- Prompt -
Drop every picture, then transcribe the remaining data exactly.

[[ Supplied material, beginning ]]

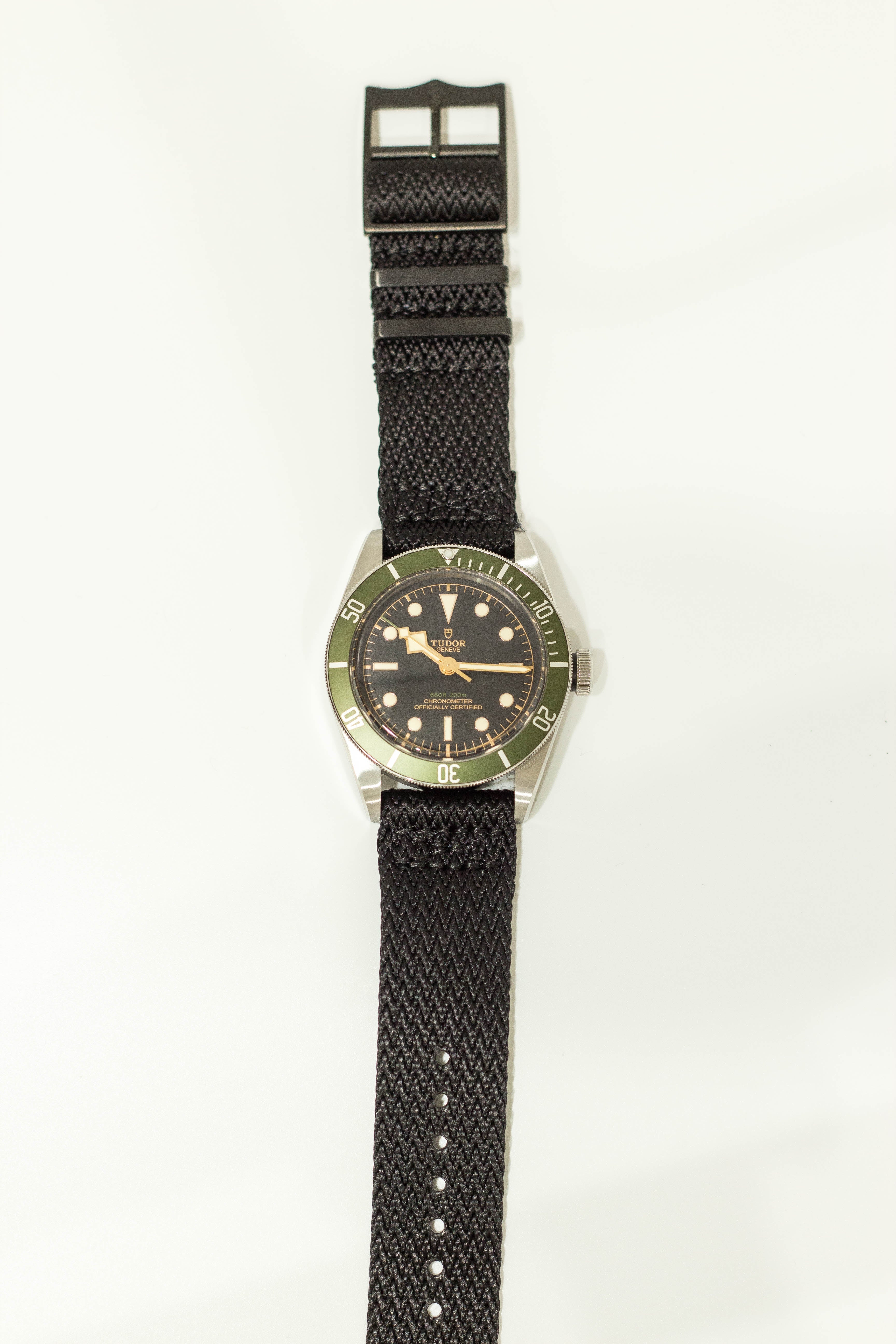 [Tissot Prx 40] Sharktooth Militex - Stealth Black [Black Hardware]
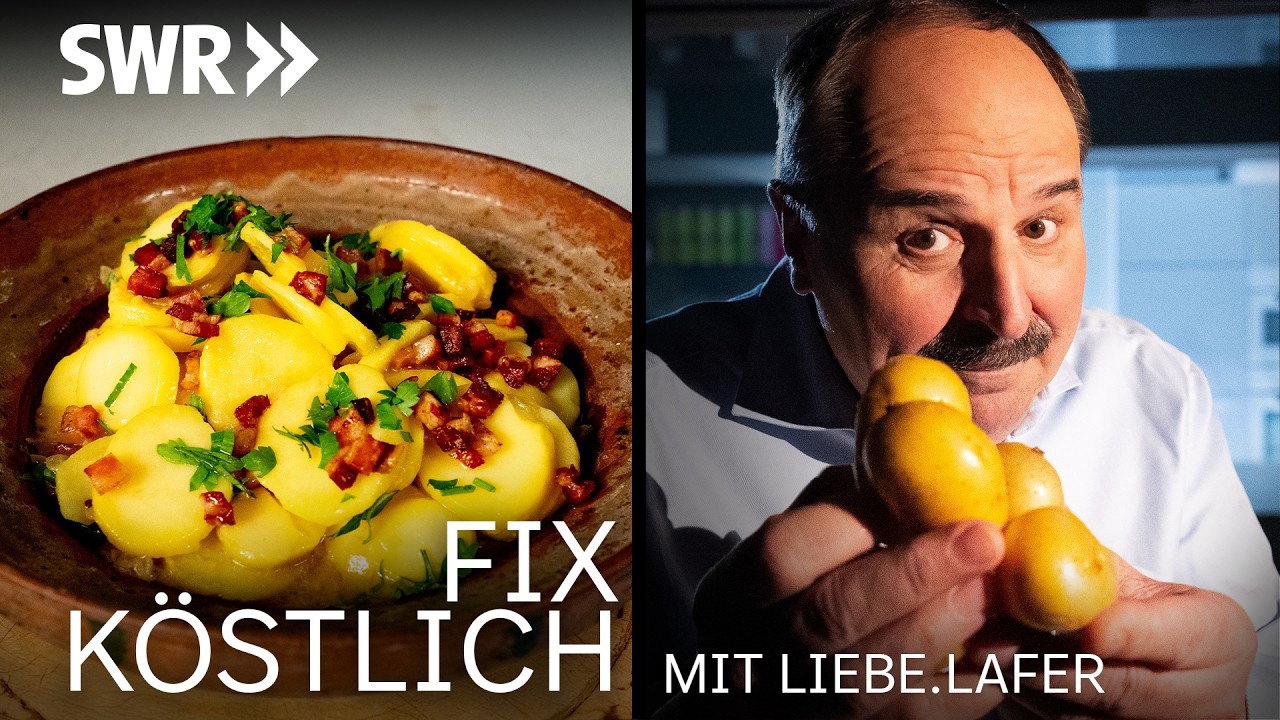 Der perfekte Kartoffelsalat – einfach und lecker | Mit Liebe. Lafer.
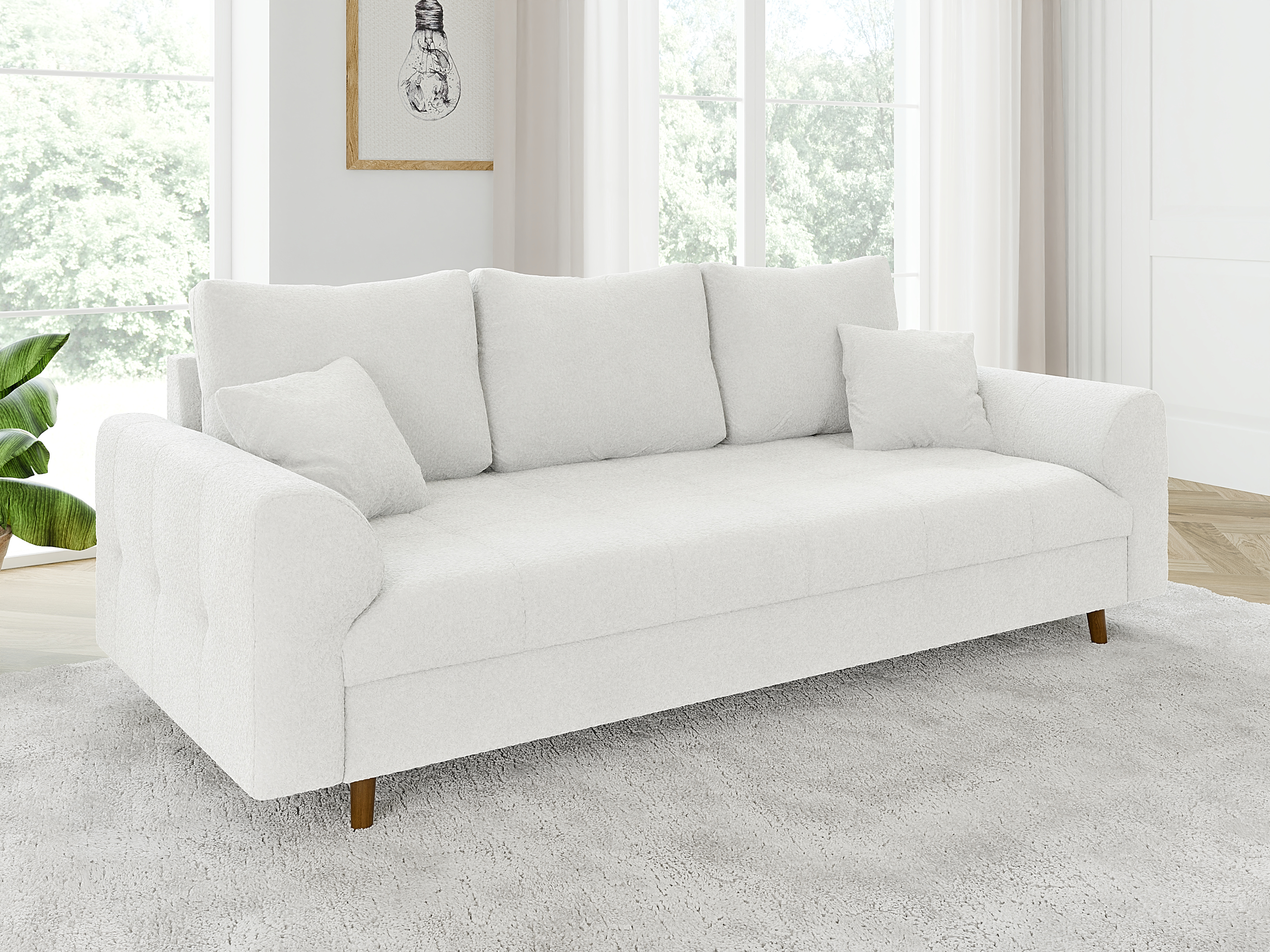 Canapé Elbmori 105 (Coral 70)
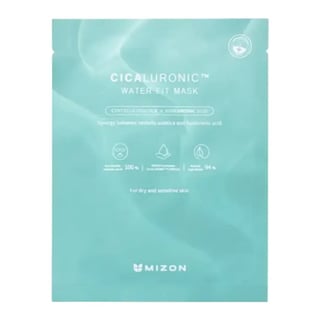 Mizon Cicaluronic Water Fit Mask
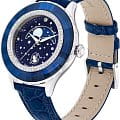 Swarovski Swarovski Octea Moon 5677494,  швейцария женские часы на браслете кожаный боковой вид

[[ Supplied material, end ]]

- Solution for this exercise -
 [Tissot Prx 40] Sharktooth Militex - Stealth Black [Black Hardware]
 Der perfekte Kartoffelsalat – einfach und lecker | Mit Liebe. Lafer.
 Canapé Elbmori 105 (Coral 70)
 Mizon Cicaluronic Water Fit Mask
 Swarovski Swarovski Octea Moon 5677494,  швейцария женские часы на браслете кожаный боковой вид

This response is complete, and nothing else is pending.